Supplied records: Begin

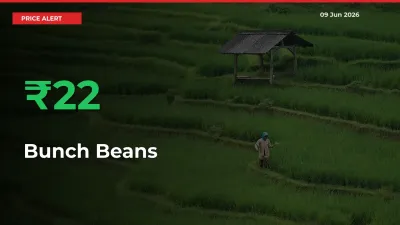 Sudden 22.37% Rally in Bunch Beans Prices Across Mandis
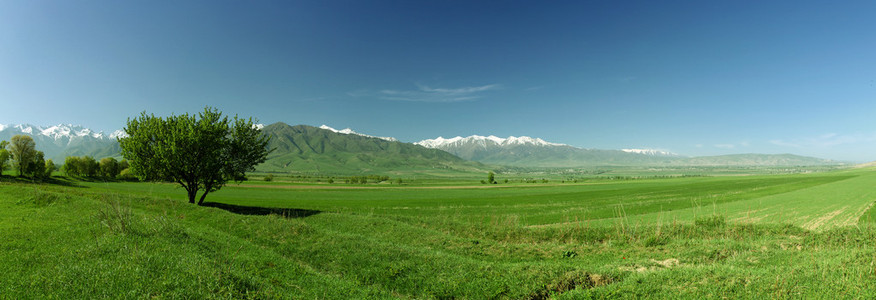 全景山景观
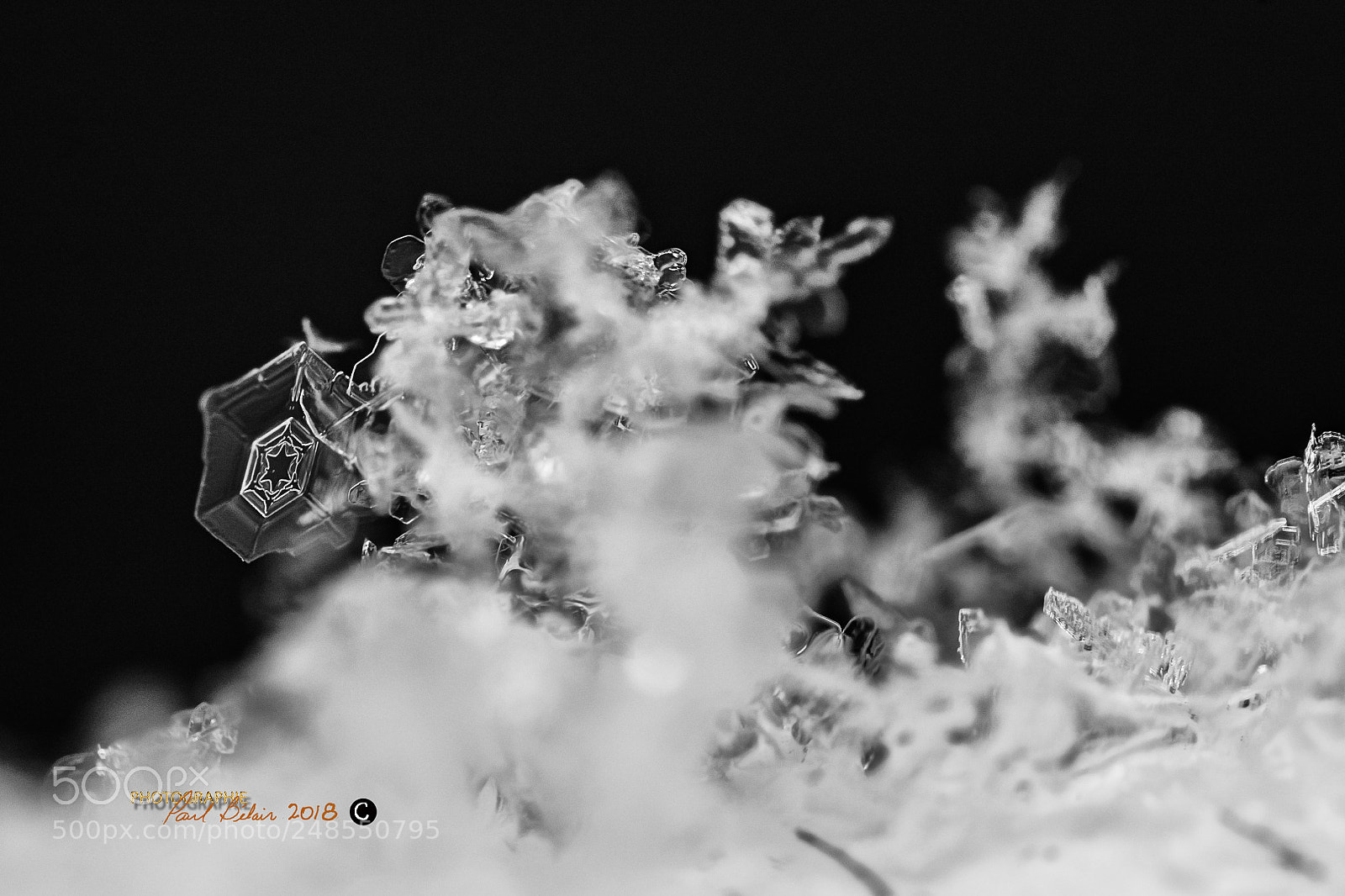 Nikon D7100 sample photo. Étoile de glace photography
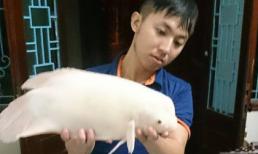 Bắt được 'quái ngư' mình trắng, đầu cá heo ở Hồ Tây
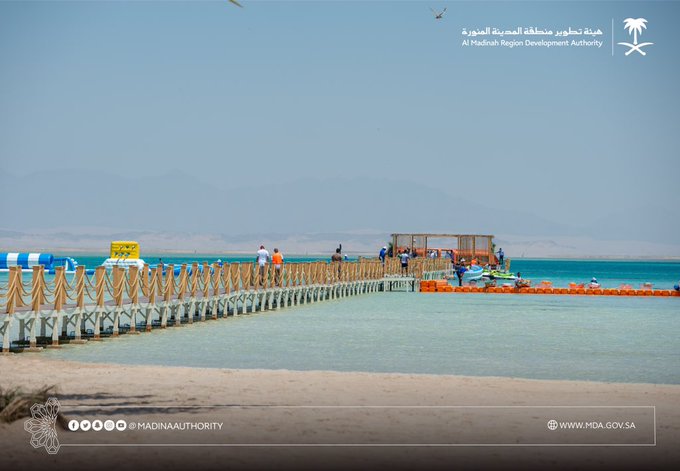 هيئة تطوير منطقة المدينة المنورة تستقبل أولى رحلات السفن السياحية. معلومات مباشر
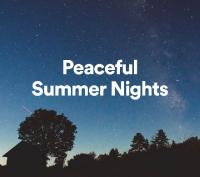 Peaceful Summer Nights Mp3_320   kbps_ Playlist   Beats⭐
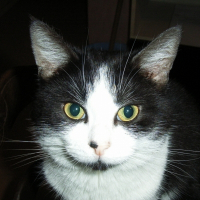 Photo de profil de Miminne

Supplied records: End
Supplied records: Begin

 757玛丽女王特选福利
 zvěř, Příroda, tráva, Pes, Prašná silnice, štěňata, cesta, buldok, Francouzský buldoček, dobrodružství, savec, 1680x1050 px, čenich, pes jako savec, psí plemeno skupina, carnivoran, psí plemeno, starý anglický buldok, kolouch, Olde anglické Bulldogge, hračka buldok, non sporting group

Supplied records: End

In the listing above, find the line with "هيئة تطوير منطقة" and output every line through the one with "Photo de profil de Miminne", exactly, without the pictures.

## [Exercise output]
 هيئة تطوير منطقة المدينة المنورة تستقبل أولى رحلات السفن السياحية. معلومات مباشر
 Peaceful Summer Nights Mp3_320   kbps_ Playlist   Beats⭐
 Photo de profil de Miminne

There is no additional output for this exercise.